Но, вчитываясь в повествование о «Торстейне Побитом Палкой», повествование, в котором «удача», «везенье» обоих протагонистов выступают чуть ли не как самостоятельные сущности и где поэтому все внимание, казалось бы, сосредоточено на их человеческих доблестях, великодушии и благородстве, я не мог не заподозрить присутствие еще и другого смыслового пласта. Он подан здесь довольно неприметно, и современный читатель вполне может упустить его из виду. Намеренно упрощая сюжет этого рассказа, т. е. отвлекаясь от демонстрации высоты духа Бьярни, Торстейна, а затем и отца последнего, исследователь социальных отношений нашел бы здесь историю о домохозяине скромного достатка, который в конечном итоге оказался в зависимости от могущественного и богатого соседа.

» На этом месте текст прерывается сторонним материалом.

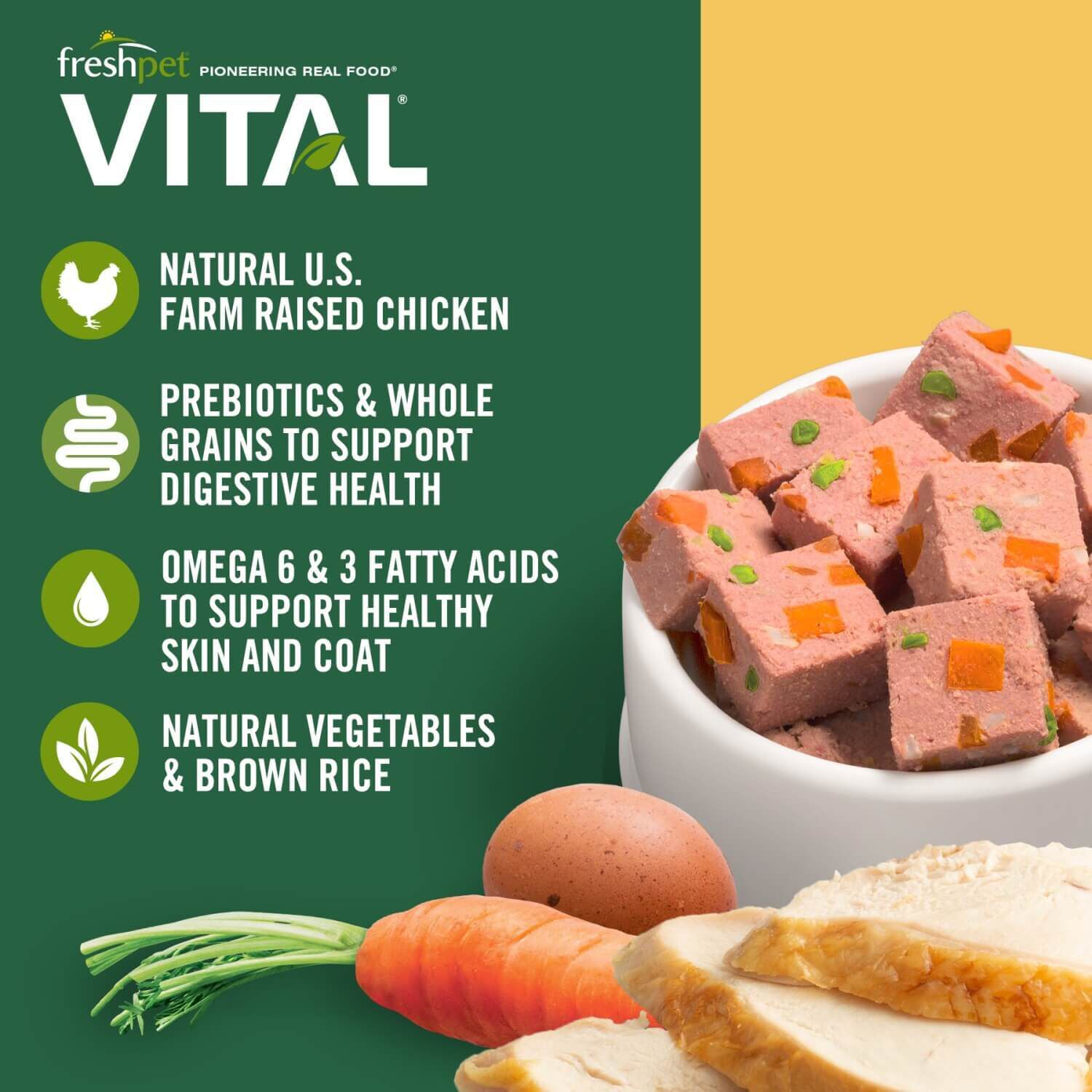 Freshpet Whole Foods Puppy Food Freshpet Healthy Natural Dog Food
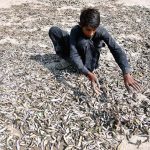 A worker dries small fish in the sun for use in poultry feed near Miro Khan Bypass Road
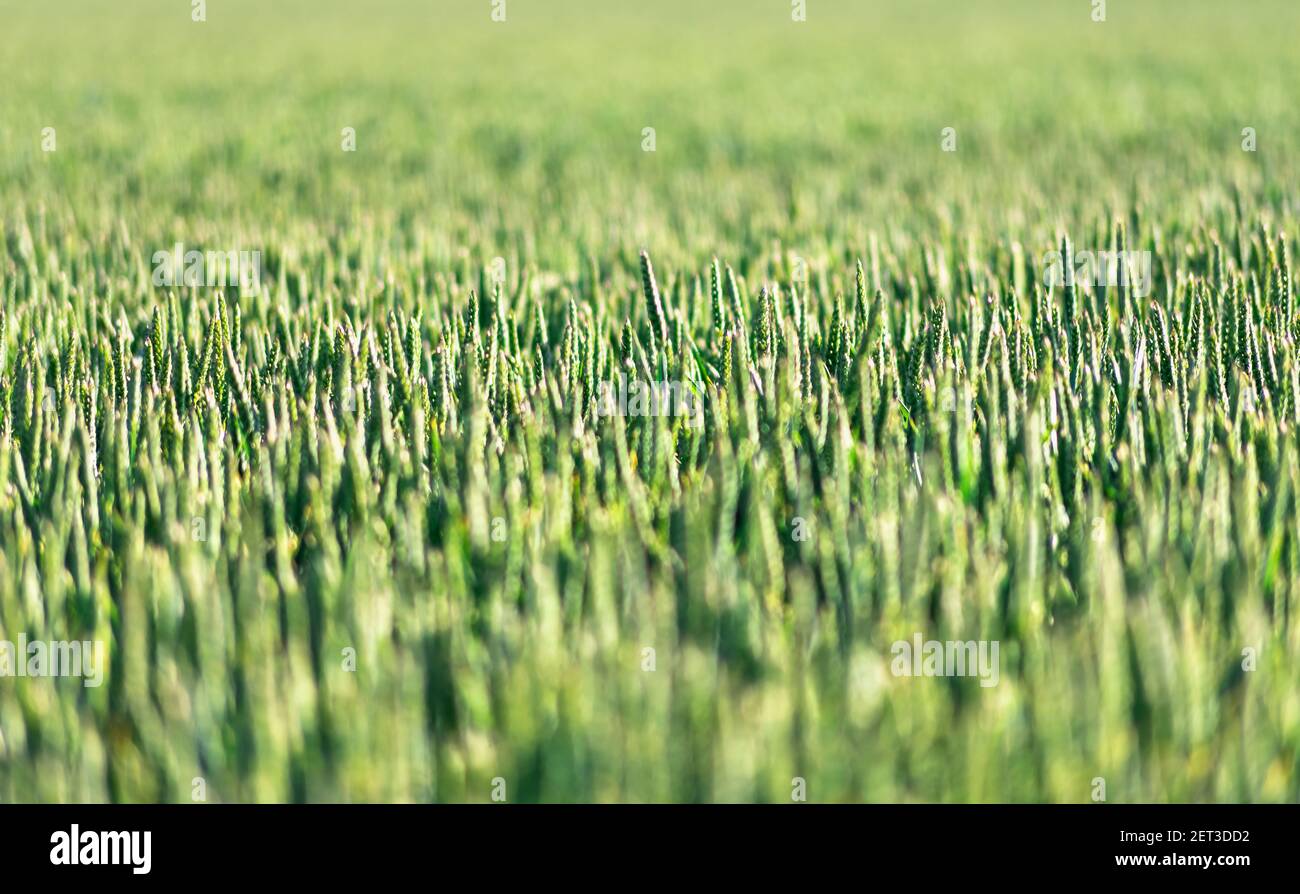 Primo piano di trefoli di grano con il cielo sopra sfondo Foto Stock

Этот «низменный», материальный план дан здесь в высшей степени неназойливо, как бы пунктиром, так что возникает сомнение, насколько существенным был он для автора. Может быть, последний не столько намеревался поведать о том, как Торстейн сделался «человеком» Бьярни, сколько «проговорился» об этом вопреки собственным интенциям. Проговорился потому, что такова была тогдашняя исландская повседневность: могущественные предводители собирали довольно значительные (по исландским масштабам, разумеется) владения, а рядовые свободные хозяева в той или иной мере утрачивали если не свободу, то независимость. Говорить применительно к Исландии о феодализме или даже о каких-то его зачатках было бы неоправданным преувеличением. Но в любом аграрном обществе неизбежна дифференциация, и, думается мне, в повествовании о Торстейне сквозь картину противоборства, а затем и примирения двух доблестных мужей проглядывает не столь возвышенная суровая сторона действительности.

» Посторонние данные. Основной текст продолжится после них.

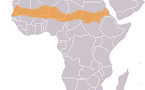 Bonne nouvelle: Repport du sommet sur lé sécurité dans la bande sahélo-saharienne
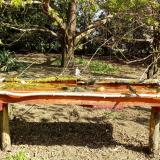 photo 2021-04-12 09-48-48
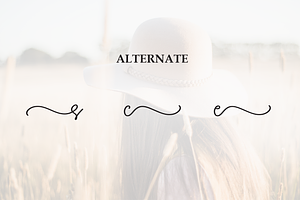 Someone Script Font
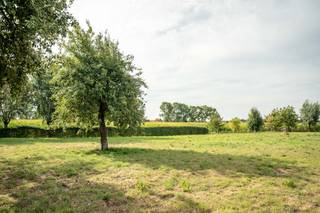 Deze buitengewone nieuwbouw villa, dat uitermate gunstig in de serene landelijke omgeving van Moerkerke (Damme) gelegen is, biedt een zeldzame kans...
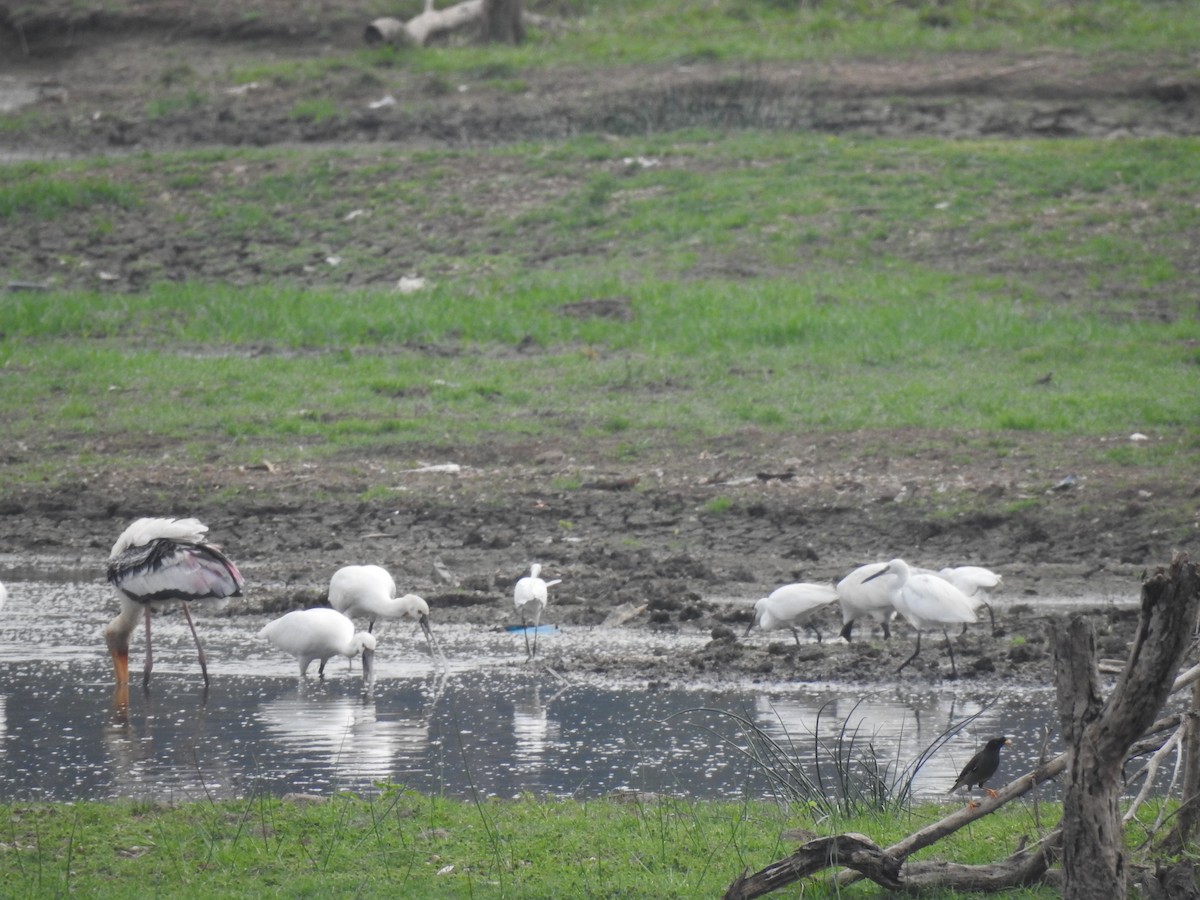 Eurasian Spoonbill - ML619338883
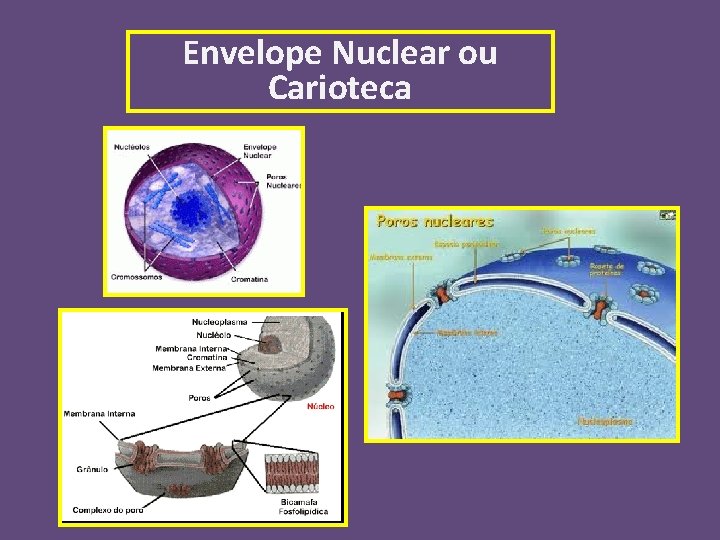 Envelope Nuclear ou Carioteca 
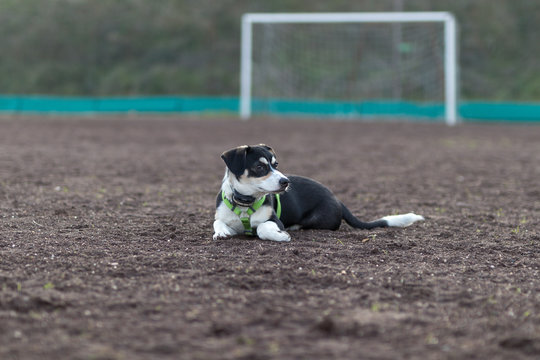 Bira cagnolina a centrocampo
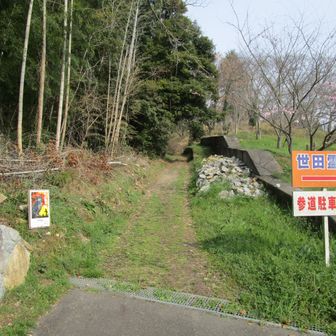 あっ、四季桜も咲いてる!?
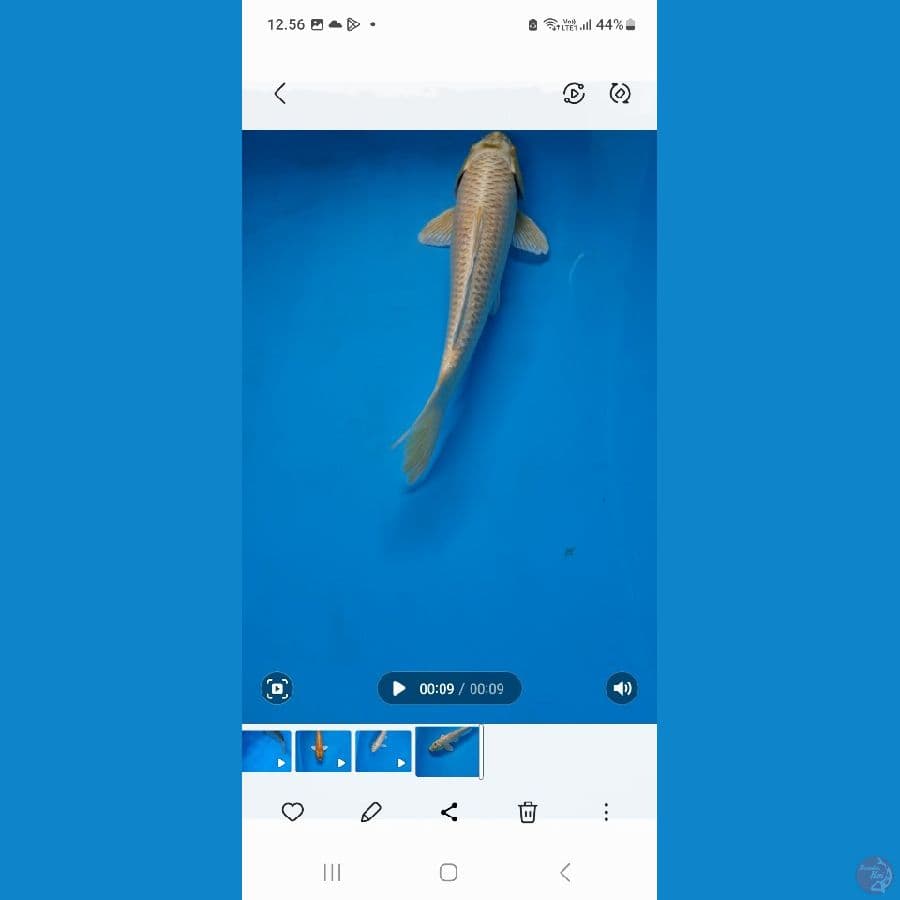 kenzo koi
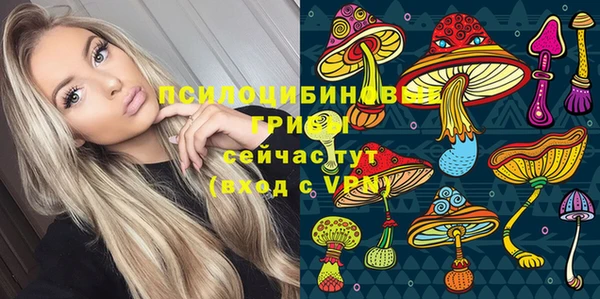 винт Коряжма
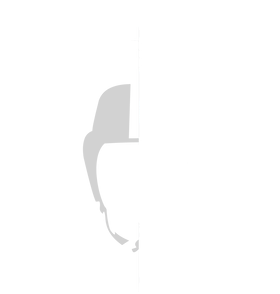 image overlay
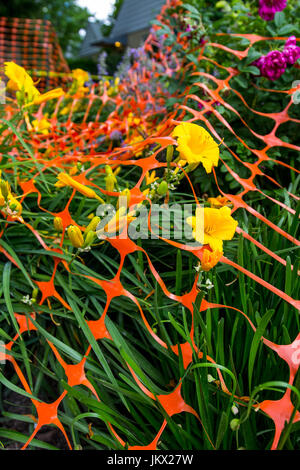 Disposizione colorati di fiori legati giù da orange scherma e costruzione fa per una bella scena. Foto Stock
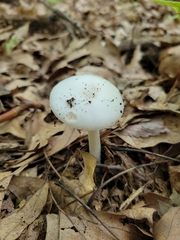 Phalloideae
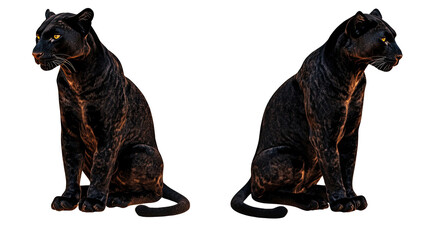 Obraz premium Isolated Black Panthers Collection on Transparent Background Generative AI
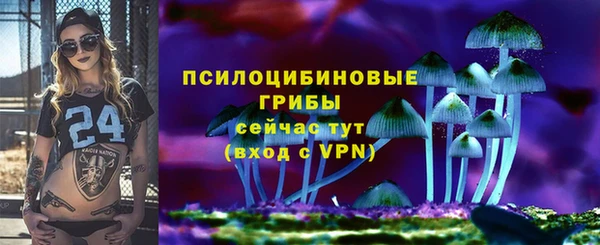 индика Верхнеуральск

Делая все необходимые поправки на глубокое своеобразие средневековой исландской социальной жизни, тем не менее позволительно задаться вопросом: не вправе ли медиевист предположить, что и в других странах среди ингредиентов генезиса новых общественно-экономических отношений были и такие факторы, как психологические, ментальные установки и стимулы, возникавшие под воздействием системы ценностей, принятой в той или иной среде? Осмелюсь утверждать: медиевист не только вправе допустить подобную возможность, — он не вправе не допустить ее\ Социальные и экономические процессы, имевшие место в ту эпоху, несомненно предполагали человеческие драмы, о коих, к сожалению, нам приходится только догадываться. Слишком редко приподнимается хотя бы край завесы, заслоняющей от нашего взора человеческое содержание этих конфликтов.
Наряду с явным дефицитом источников, которые позволили бы нам приблизиться к уразумению человеческого содержания социальных процессов периода раннего Средневековья, нельзя не отметить: медиевисты, следуя давней традиции, сосредоточивали внимание на юридических текстах, тогда как памятники нарративные оставались где-то на периферии. И вот к чему это приводило. Исследователи «leges barbarorum» как правило принимают на веру ту схему социальной стратификации, которая запечатлена во всех этих «варварских законах», — nobiles, liberi, laeti, servi. Посягательства на жизнь, здоровье, честь или имущество представителя каждого из этих правовых разрядов (исключая «рабов») караются особыми возмещениями или штрафами. Если верить букве судебника, член того или иного разряда получал или платил раз навсегда установленную сумму денег. В этом смысле все liberi или nobiles были равноценны и неразличимы.
Я убежден, историки, доверявшие этим предписаниям права, были введены в заблуждение, и причина последнего коренится в излишней приверженности к анализу нормативных источников. Между тем склонность законодателя к унифицирующим упрощениям вступала в явное противоречие с действительным положением дел, а именно — с неупорядоченностью и сложностью социальной жизни.